+++ Source records
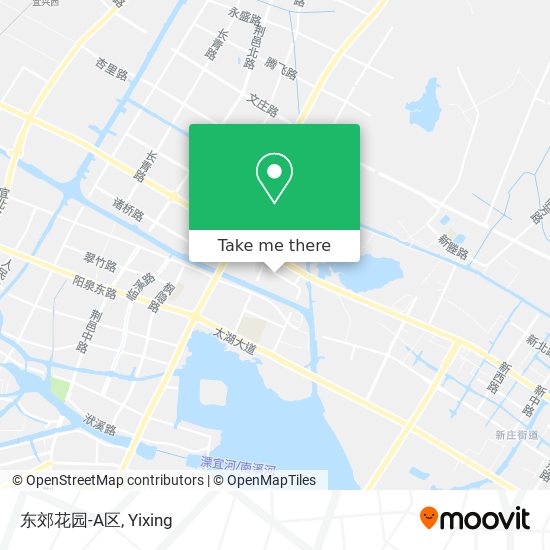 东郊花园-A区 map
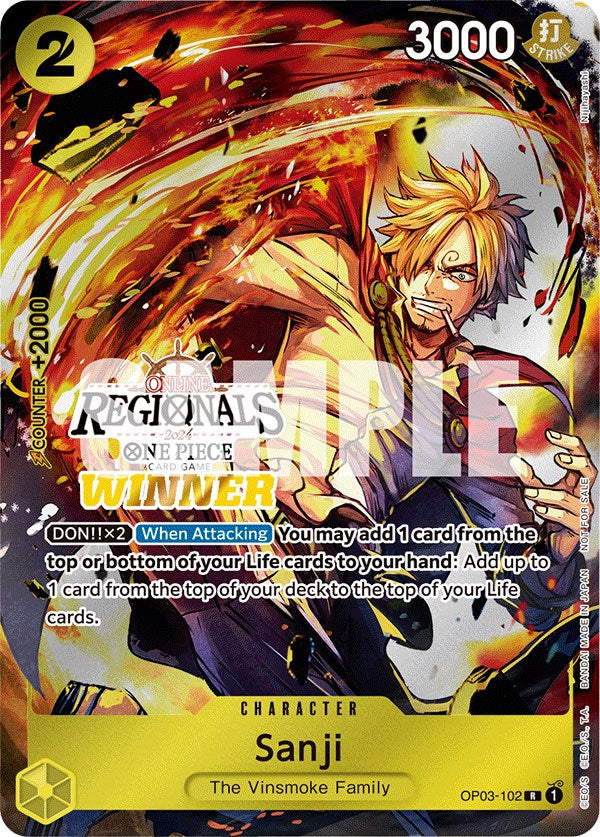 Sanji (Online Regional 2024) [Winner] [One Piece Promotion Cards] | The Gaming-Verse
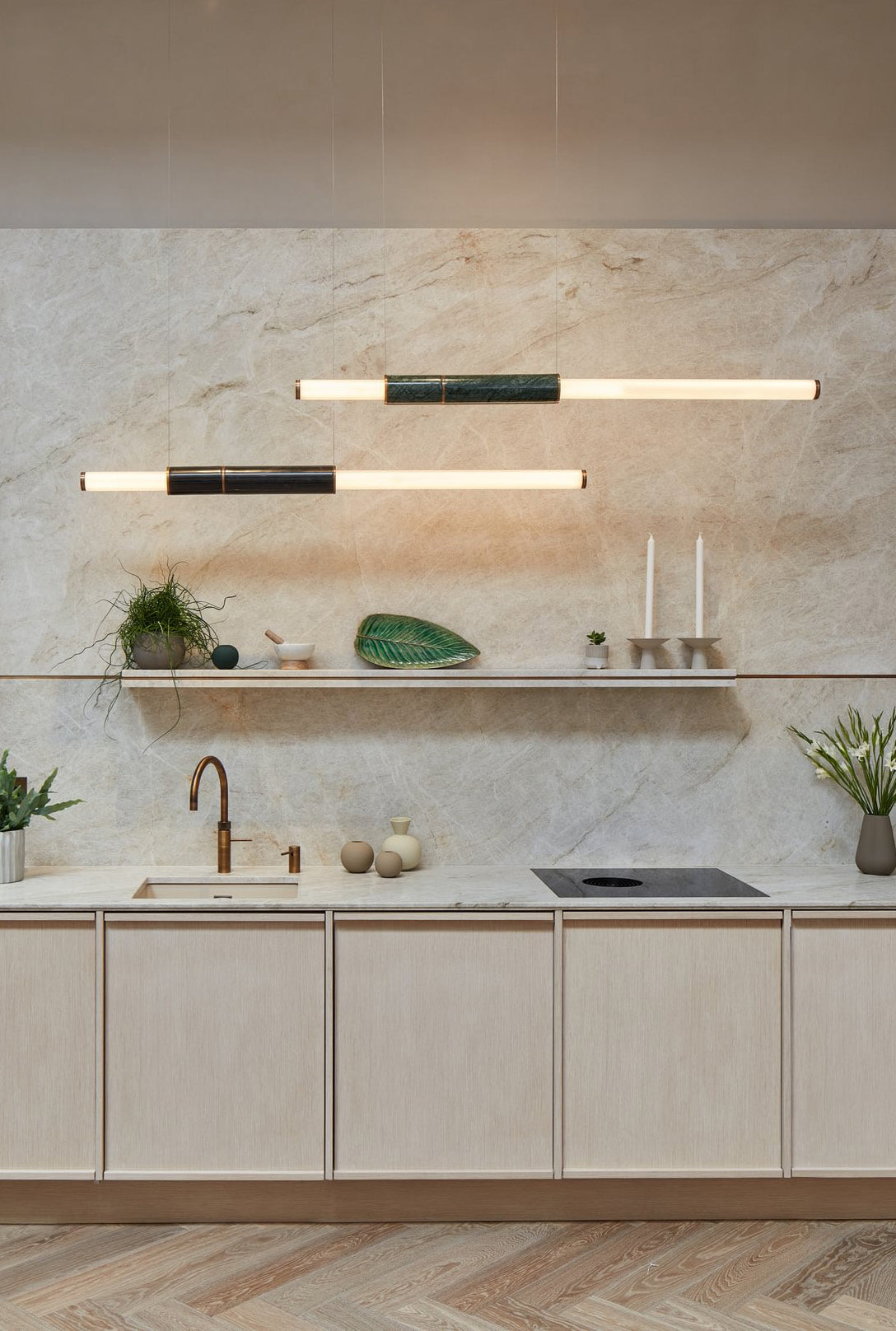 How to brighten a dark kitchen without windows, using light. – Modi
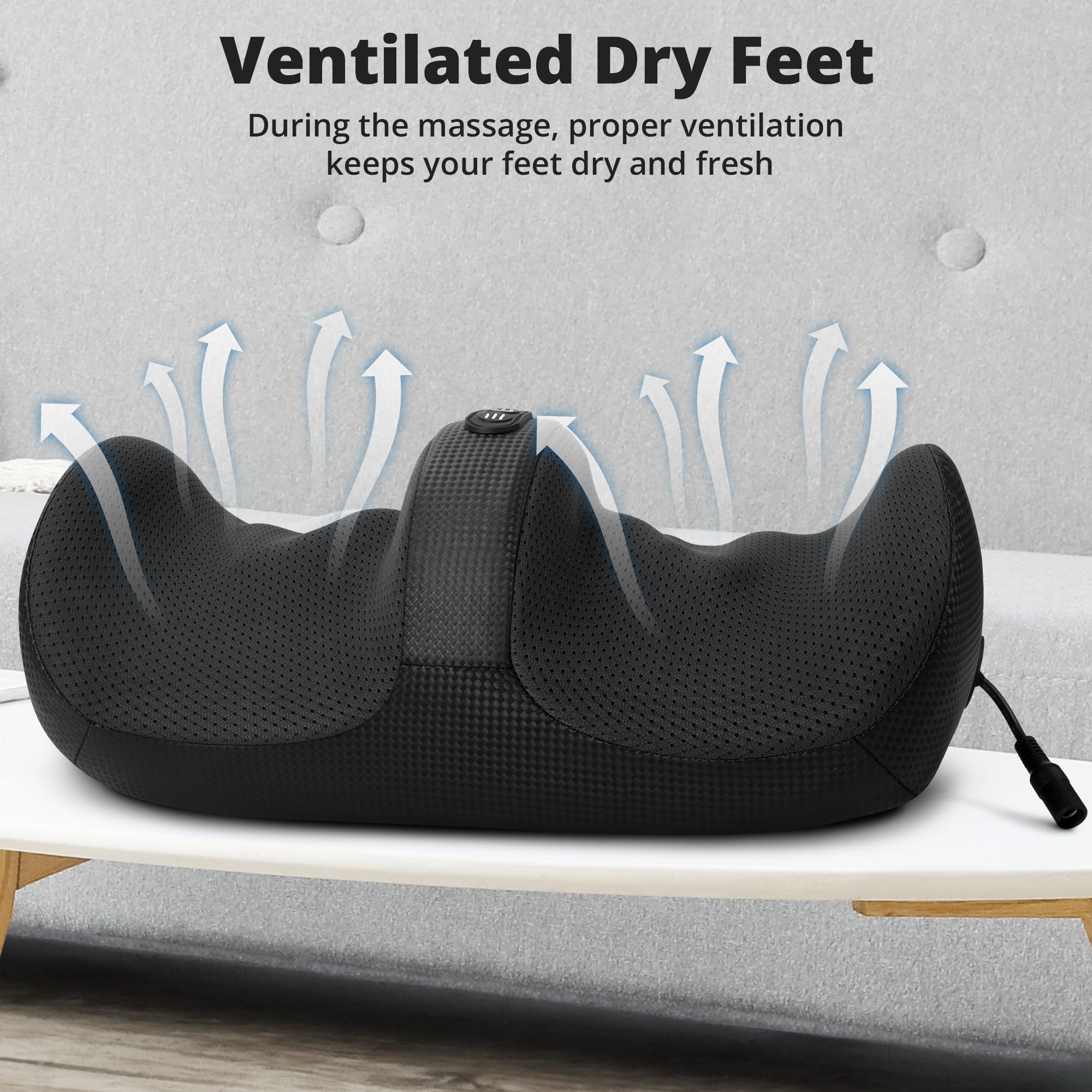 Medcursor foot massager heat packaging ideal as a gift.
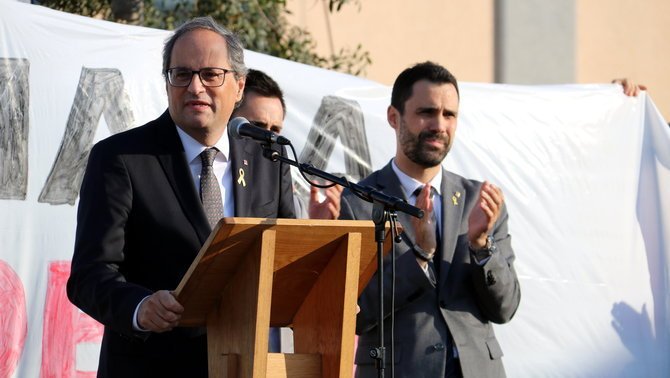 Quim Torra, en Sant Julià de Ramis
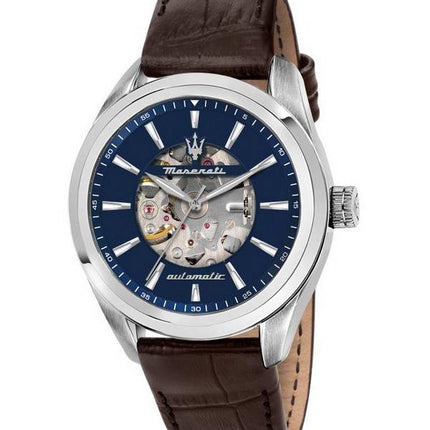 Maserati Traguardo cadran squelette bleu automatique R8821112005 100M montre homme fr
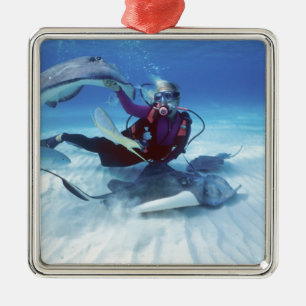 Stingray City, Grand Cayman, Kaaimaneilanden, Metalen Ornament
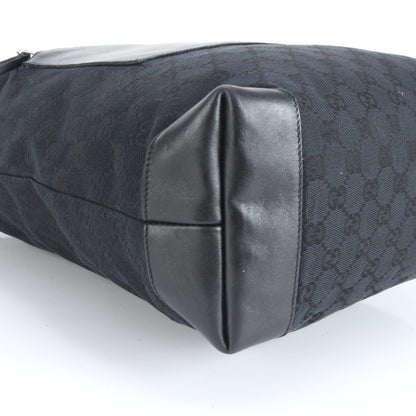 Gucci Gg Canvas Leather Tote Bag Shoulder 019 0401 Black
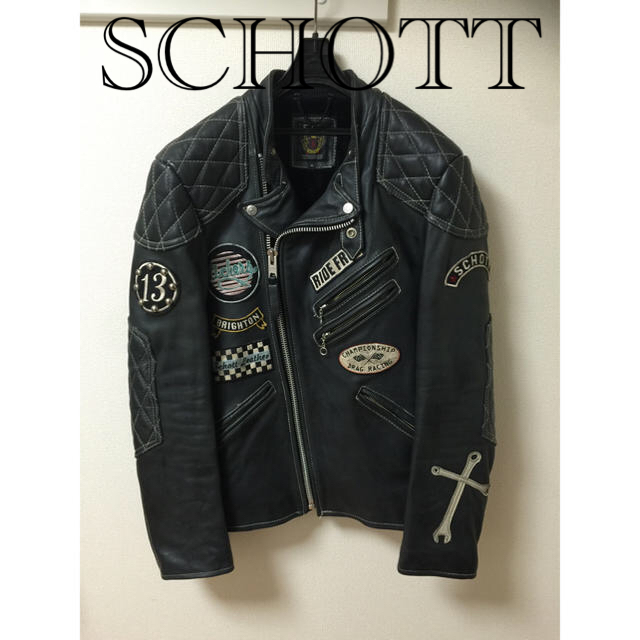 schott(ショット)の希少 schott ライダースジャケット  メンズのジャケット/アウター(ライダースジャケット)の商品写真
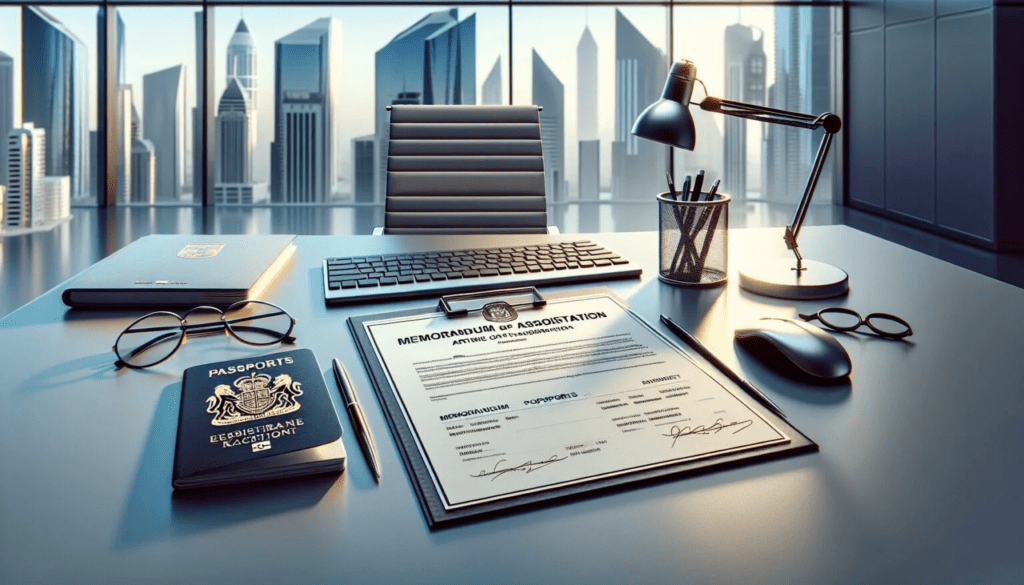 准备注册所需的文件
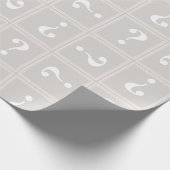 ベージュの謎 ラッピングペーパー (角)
++++++
Task description
Your task is to retype, exactly and only, the lines from the line holding "Quim Torra, en Sant Julià de Ramis" through the final line of the data above, with both ends kept. Drop the pictures.

Response area
 Quim Torra, en Sant Julià de Ramis
 Maserati Traguardo cadran squelette bleu automatique R8821112005 100M montre homme fr
 Stingray City, Grand Cayman, Kaaimaneilanden, Metalen Ornament
 Gucci Gg Canvas Leather Tote Bag Shoulder 019 0401 Black
 schott(ショット)の希少 schott ライダースジャケット  メンズのジャケット/アウター(ライダースジャケット)の商品写真
 准备注册所需的文件
 ベージュの謎 ラッピングペーパー (角)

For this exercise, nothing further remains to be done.